Kathimerini Greece Newsroom
The bank stock slump has gone on for too long and valuations are now exceptionally low, say senior credit sector officials in Athens. However, analysts questioned on the issue by Kathimerini say the problems that Greek lenders are facing will not be overcome quickly, justifying the pounding the sector has sustained on the Athens stock exchange.
In the last month alone the banks index has dropped 27 percent, or 65 percent of the stock value of the four systemic lenders (National, Alpha, Eurobank and Piraeus) after the most recent recapitalization in 2015, and 88 percent of that following the 2010 share capital increase.
This storm of pressure on Greek banks in recent months has seen their total stock value shrink to just 5.7 billion euros.
The key issue for local lenders is their very high ratios of nonperforming exposures (NPEs), according to the head analyst of a major European bank who is monitoring the Greek market.
He told Kathimerini that this is one of the main reasons for the pressure on Greek bank stocks. The NPE ratio must be brought down, and the targets for some banks look more challenging than others. On the other hand, some banks have high capital adequacy ratios.
Investors think that the targets will be hard to attain, leading to the likelihood that another capital raise will be required; yet it will be very difficult to find fresh capital, the analyst added: “Therefore Greek banks will try to do it steadily on their own.”
Another reason is that local banks trade on very thin volume, and this is a big problem when it comes to share price performance as just a few moves can make a big difference.

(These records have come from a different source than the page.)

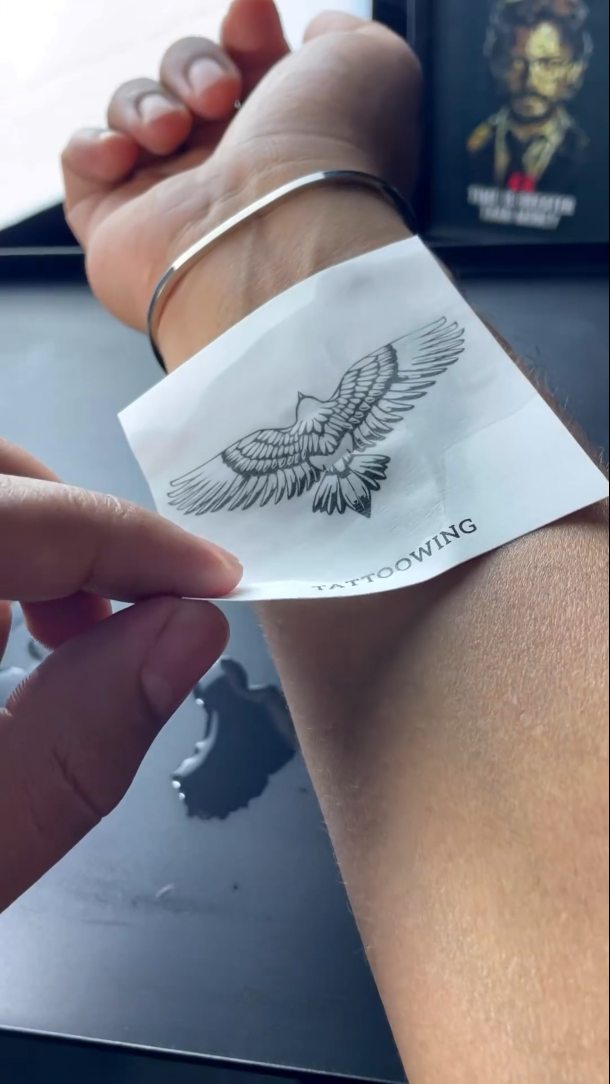 Loco Tattoos Facebook ad: تلقاو كامل ليمودال المتوفرين في صفحتنا على الانستغرام
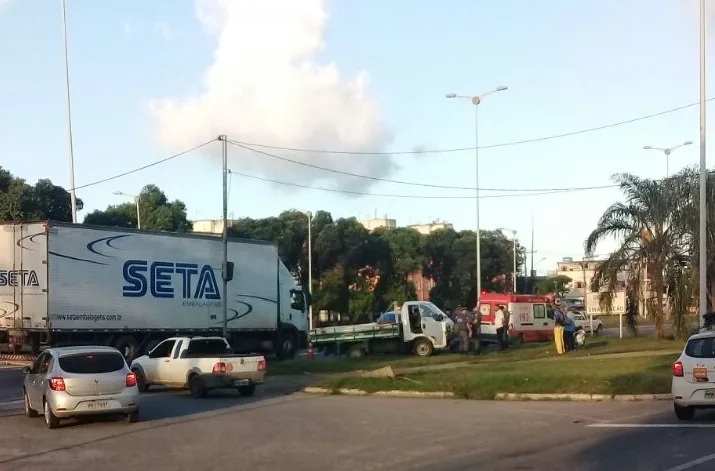 Acidente envolvendo um caminhão deixa dois feridos na Serra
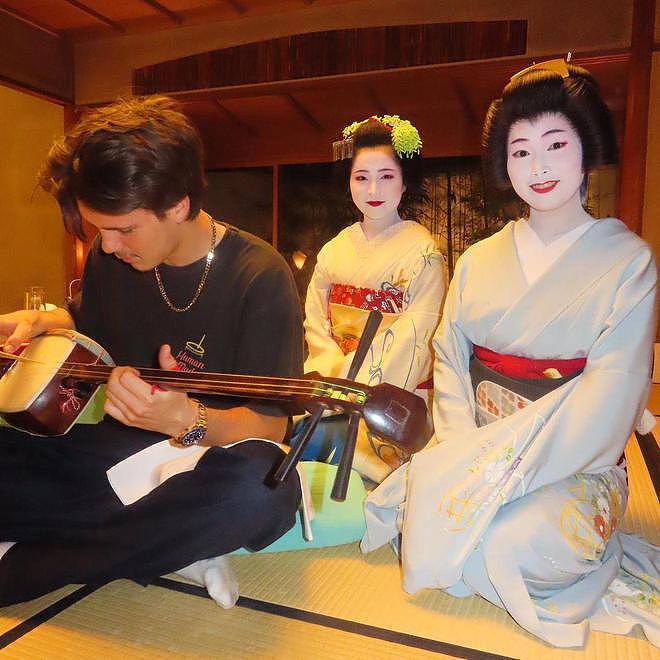 贝克汉姆一家日本度假，与艺伎跪着合影 - 5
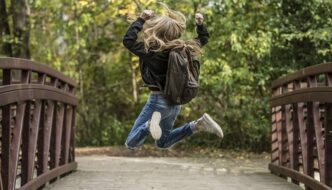 Verwechslungsgefahr reduzieren: So lässt sich „meins“ und „deins“ im Schulalltag auseinanderhalten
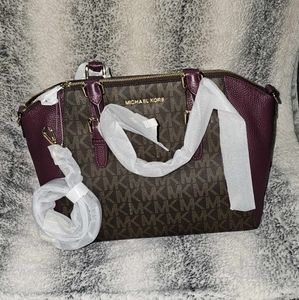 Authentic Micheal Kors: Brand New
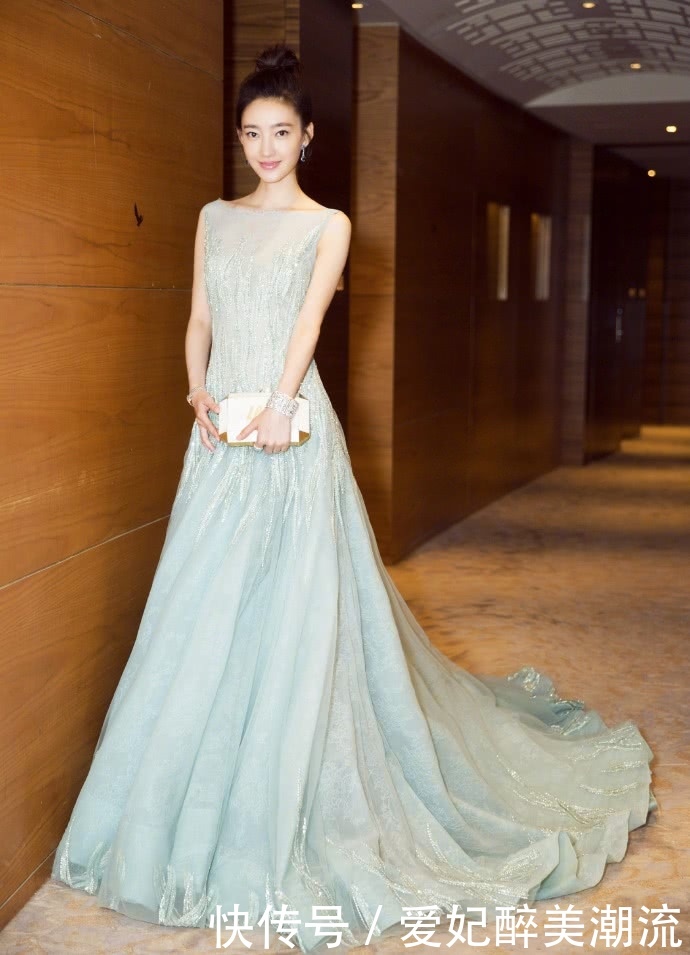 王丽坤真猛！这么紧的上衣也要硬塞进去，网友：为了显瘦豁出去了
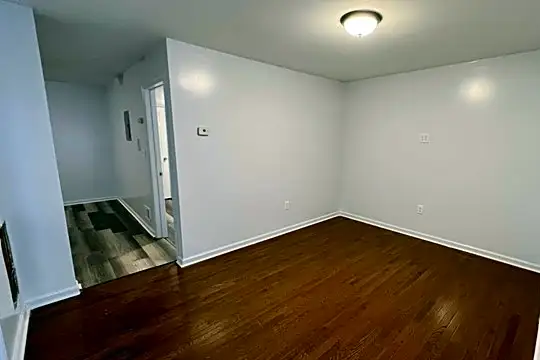 477 Ellison St Photo 2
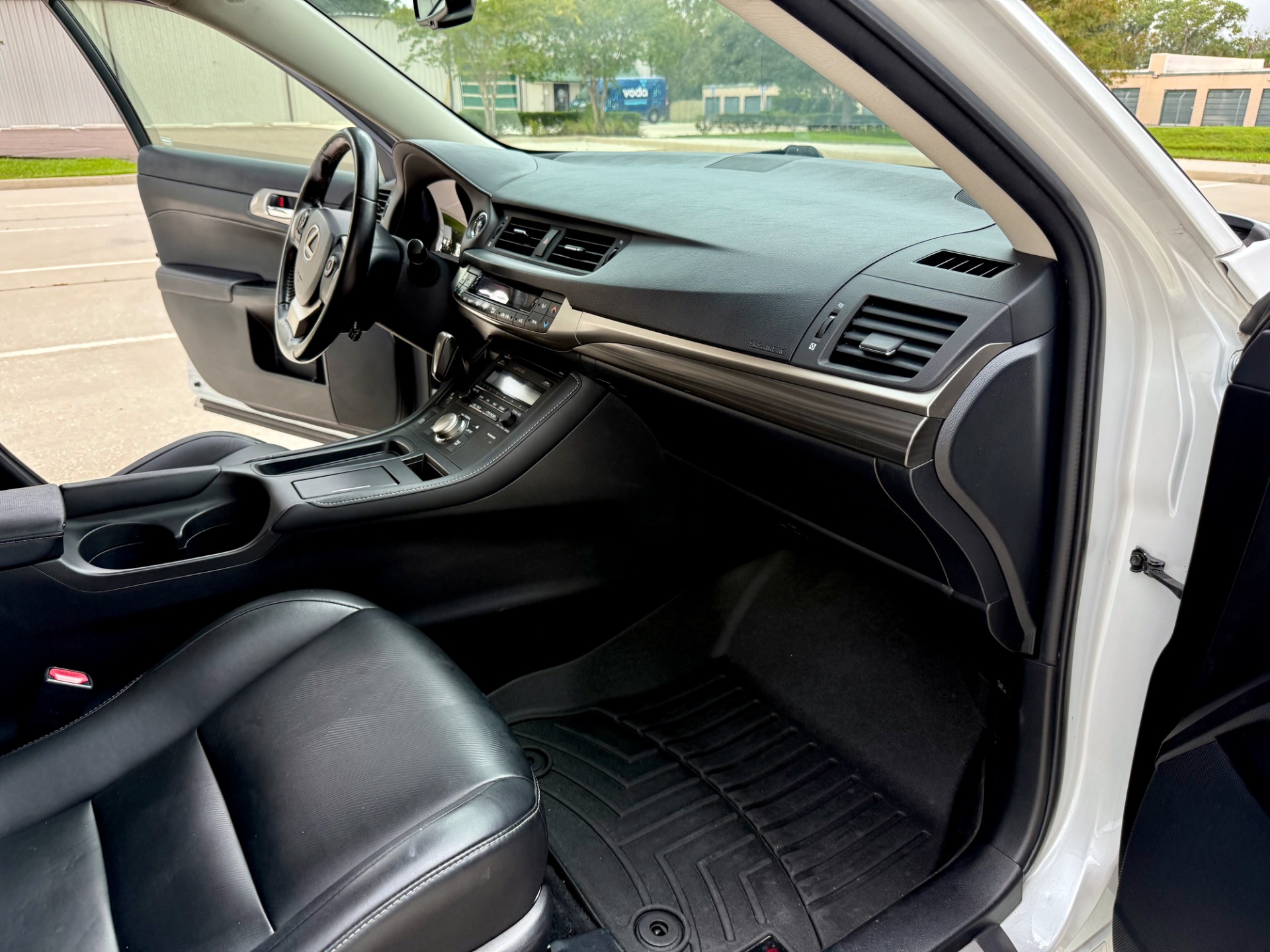 2016 Lexus CT 200h photo 17
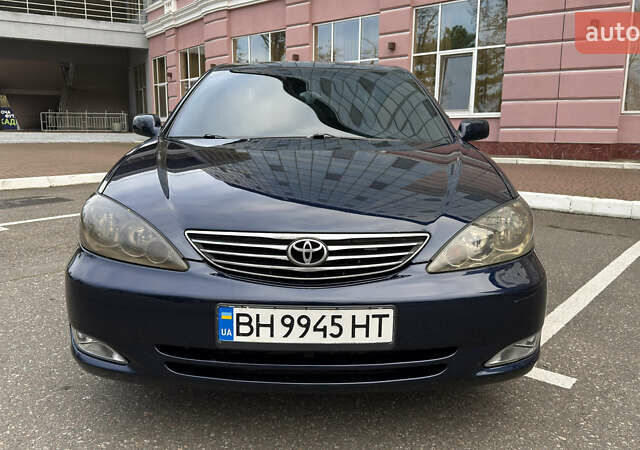 Синій Тойота Камрі, об'ємом двигуна 3 л та пробігом 415 тис. км за 5900 $, фото 1 на Automoto.ua
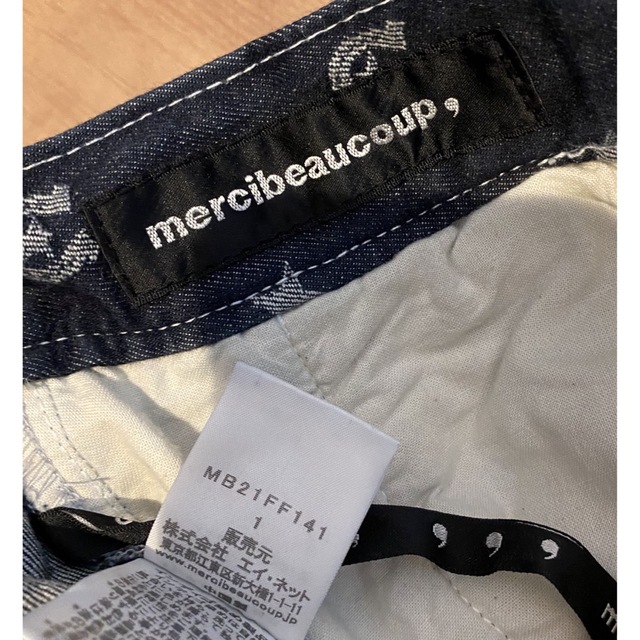 mercibeaucoup(メルシーボークー)のメルシーボークー、 mercibeaucoup, デニムショートパンツ レディースのパンツ(ショートパンツ)の商品写真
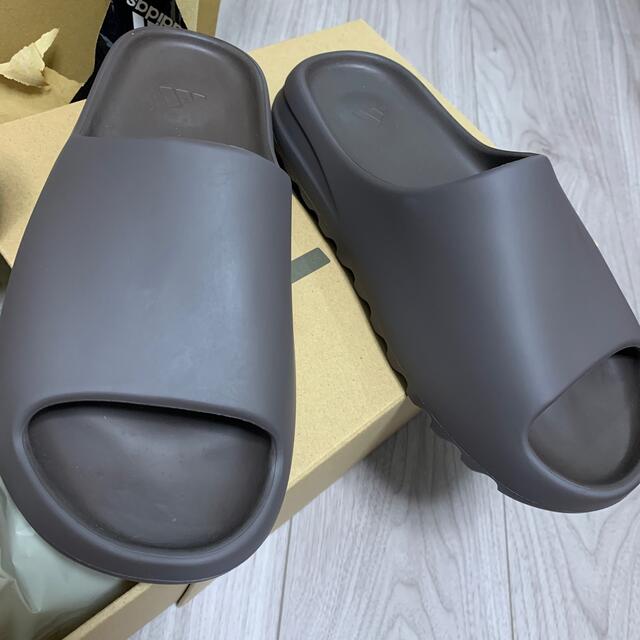 Yeezy slide soot 28.5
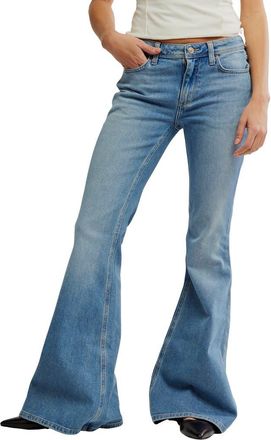 Free People Love Bomb Flare Leg Jeans in Dynamite at Nordstrom, Size 31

A third reason is the weaker delivery in the last quarter. The results season was somewhat disappointing, the analyst noted, with weaker-than-expected capital build-up by the banks. Losses were higher than expected, due mostly to non-recurrent items and a negative impact from the portfolios available for sale.
Another factor worth considering is that investor appetite for banks in Europe is limited, judging by the performance of bank indices (the eurozone index is down 15 percent since start of year). At the same time, we must not forget the emerging market (EM) headwinds and volatility that has contributed to the pressure around Greek assets. Money leaves EMs and Greece is an emerging market.
So domestic plus external factors explain the underperformance of Greek banks, the analyst stressed, adding that the Greek economy’s low growth environment is not helping either. And a return to normal lending practices will be critical to revive the economy.
“I think it is a combination of factors that explain the weakness in Greek bank stocks,” Athanasios Vamvakidis, managing director and head of European G10 Foreign Exchange Strategy for BofA Merrill Lynch Global Research, told Kathimerini.
“The Greek economy’s recovery has been weaker than forecast. Although banks are meeting their nonperforming loan targets, these targets are more ambitious looking forward. Capital controls remain. The market for Greek assets more broadly remains illiquid, still dominated by short-term speculators. The overall sell-off in emerging markets this year has also affected Greek assets as investors are cutting risk exposure more broadly. Greece has effectively entered a long pre-election period and some market participants have decided to cut their exposure,” he noted.
As Citigroup banking analyst Maria Semikhatova predicts, NPE reduction will remain in the market’s focus, while pressure on net interest income and earnings will persist.
“The Greek banks are working on NPE reduction targets for 2020-2021 which are likely to remain aggressive given the still high NPE levels foreseen by the end of 2019. The management teams of the banks under coverage aim to bring the NPE ratios below 20 percent and we estimate the sector will need to reduce NPEs by another 36 billion euros in 2020-2021 to bring the ratio to 15 percent, which will require a supportive macroeconomic backdrop, visible recovery in the real estate markets and increased activity in the secondary NPL market,” she wrote in a note.